Bhasin then looks into the normalization phase following Shimla, and takes us through the Indira Gandhi-Morarji Desai-Rajiv Gandhi years. The most promising of this era was Benazir-Rajiv interactions; but, why didn’t the two countries come together then? Bhasin concludes: ‘The reconciliatory beginnings gave way to confrontationist thinking that would bring Pakistan closer to her (Benazir) goal in Kashmir. At the end, it helped her neither to consolidate relations with New Delhi nor come any closer to her favourite solution of Kashmir.’
Will the same thing happen to Imran Khan, as he starts as Pakistan’s Prime Minister? Imran has been emphasizing on India-Pakistan relations, but also harping on Kashmir. Will he also end up the same way as Benazir—neither achieving stability in bilateral relations, nor achieving Pakistan’s objective in Kashmir?
Back to Bhasin, he looks at the interactions between the neighbours then (late 1980s and early 1990s) through developments in Afghanistan. This outlook on Indo-Pak affairs through Afghanistan is important, especially from a contemporary perspective. The neighbours are at odds, not only vis-à-vis bilateral issues, but also on what is happening in Afghanistan. The big difference between the 1990s and now is India’s stake and influence in Afghanistan. In the late 1980s and 90s, Pakistan had a monopoly over the Afghan groups; and the Americans supported the same. Today, Pakistan’s influence over the same is limited and the Americans are vary of Islamabad’s interests in Afghanistan. On the other hand, India’s influence in Afghanistan has expanded considerably. But the primary problem remains the same: the neighbours are at odds in Afghanistan.

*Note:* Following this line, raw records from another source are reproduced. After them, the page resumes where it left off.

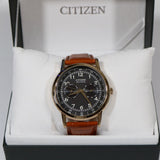 Citizen Eco Drive Multi Function Day & Date Black Dial Brown Leather Strap Watch For Men - AO9003-08E Authentic Buy Shop Now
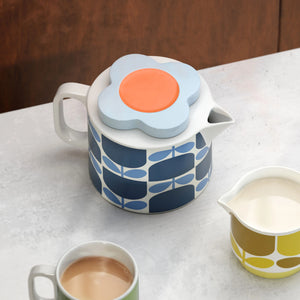 Orla Kiely Block Flower Navy Teapot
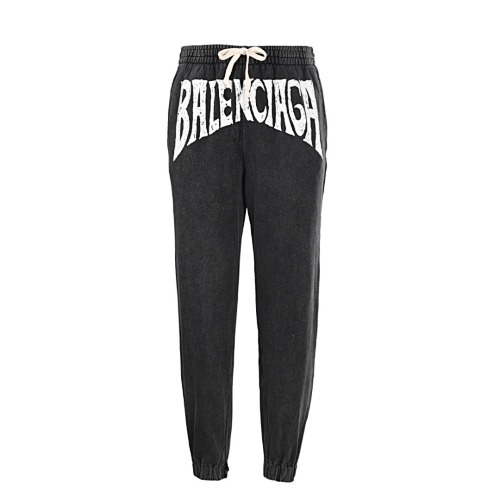 BLA50785 BLCG WASHED LETTER PRINTED WEBBING TROUSERS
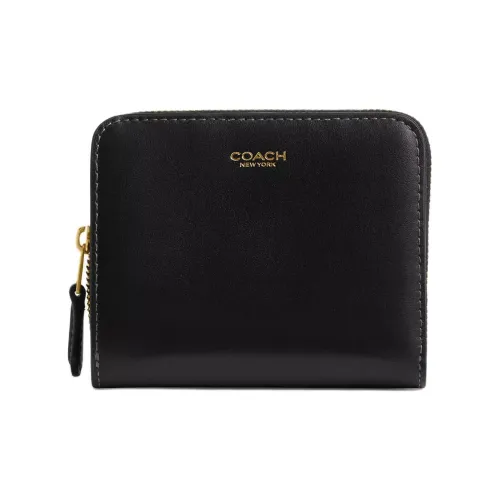 COACH Кошелек Billfold Утонченная Телячья Кожа Мини Женский Черный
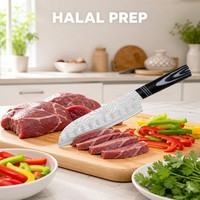 Halal Midden-Oosten Familie Santoku Koksmes Huiskamerkeuken Dagelijks Koken Vlees Groente Voorbereiding Scherp Keukenhulpstuk Gebruik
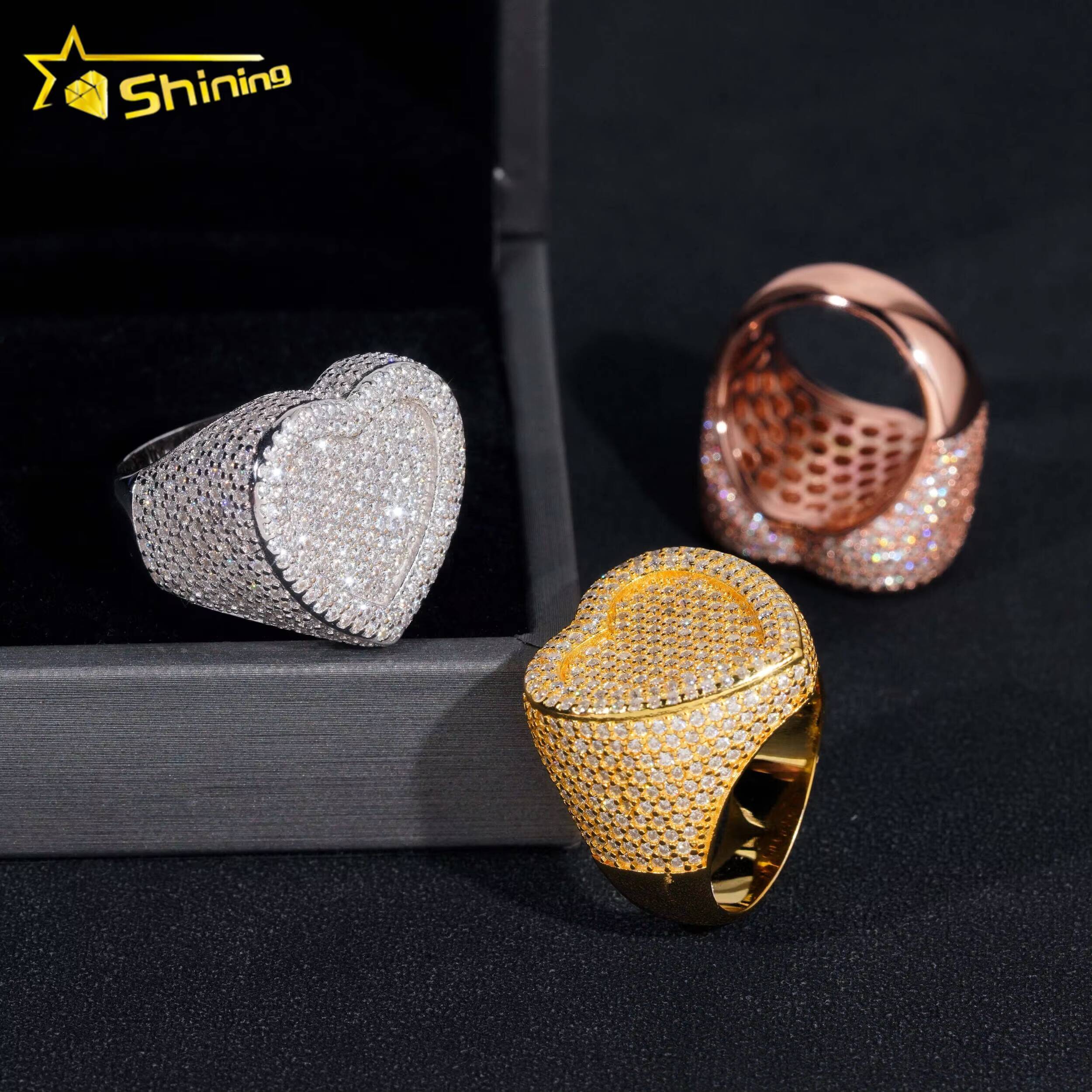 GRA Certificate 925 Sterling Silver Gold Plated Hip Hop Jewelry New Style Baguette VVS Diamond Moissanite Hip Hop Ring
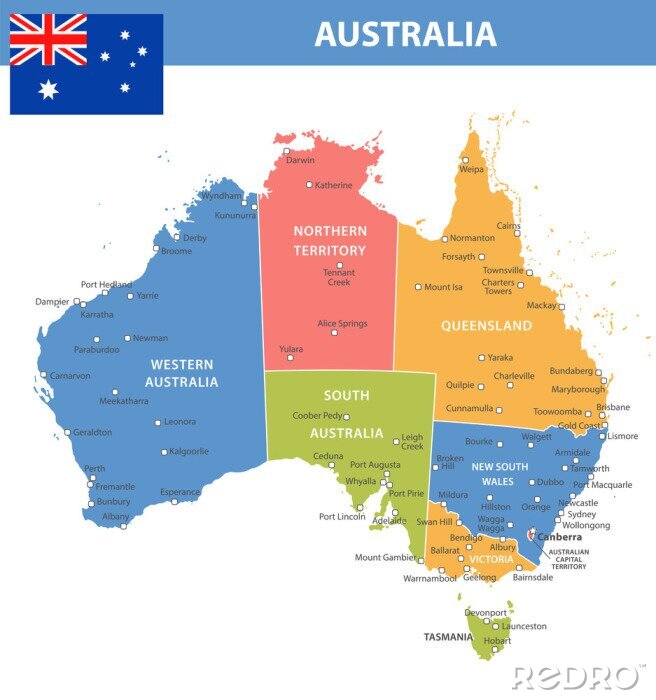 Poster  Australie Régions Villes Nuances de couleurs
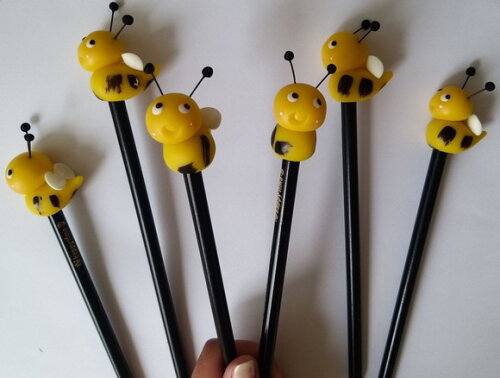 Lápis com Ponteiras Abelhinhas Lembrancinhas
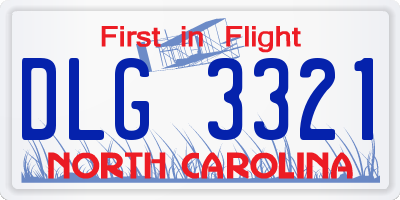 NC license plate DLG3321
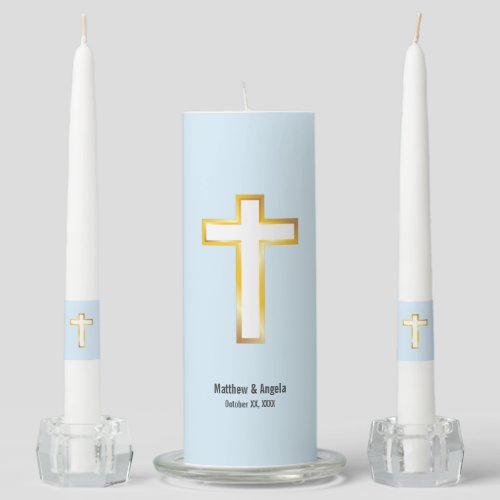 Elegant Gold Foil Cross On Blue Church Ceremony Unity Candle Set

The final set of chapters looks into nuclearization of India and Pakistan, and its political and military fallouts between the two countries. Post 1998 the region witnessed a war in Kargil in 1999, military confrontation in 2001 and a deadly militant attack in Mumbai in 2009. This phase also witnessed the inauguration of a bus service between the two countries, expansion of bilateral ties, ceasefire along the LoC and more importantly inauguration of bus and truck services across the LoC between the two parts of J&K.
On Pakistan’s reliance on external powers Bhasin observes: Pakistan refused to learn from its experience that its dependence on the West has neither guaranteed its security nor its territorial integrity, nor served its long term interests. How true! Bhasin could have also focussed on Pakistan’s current reliance on China, especially the China–Pakistan Economic Corridor, and whether it would guarantee Pakistan’s security!
On J&K, Bhasin concludes in his epilogue: It is high time that Pakistan realized that it has become irrelevant in Kashmir and the problem was essentially between New Delhi and some sections of the people of the State (of J&K). It seems to be a far cry.
So, what can India do, if Pakistan does not ‘change its mindset for both the countries to live in peace’? Should India keep the India-Pakistan relations in cold storage and expect a miracle to happen? Or should India devise a strategy, based on lessons learnt from the past, but engage Pakistan to achieve its own interests in the neighbourhood, and maintain a working relationship, so that the neighbours are not at odds?
D Suba Chandran is Dean of the School of Conflict and Security Studies at the NIAS, IISc Campus, Bangalore. He manages a portal on Pakistan.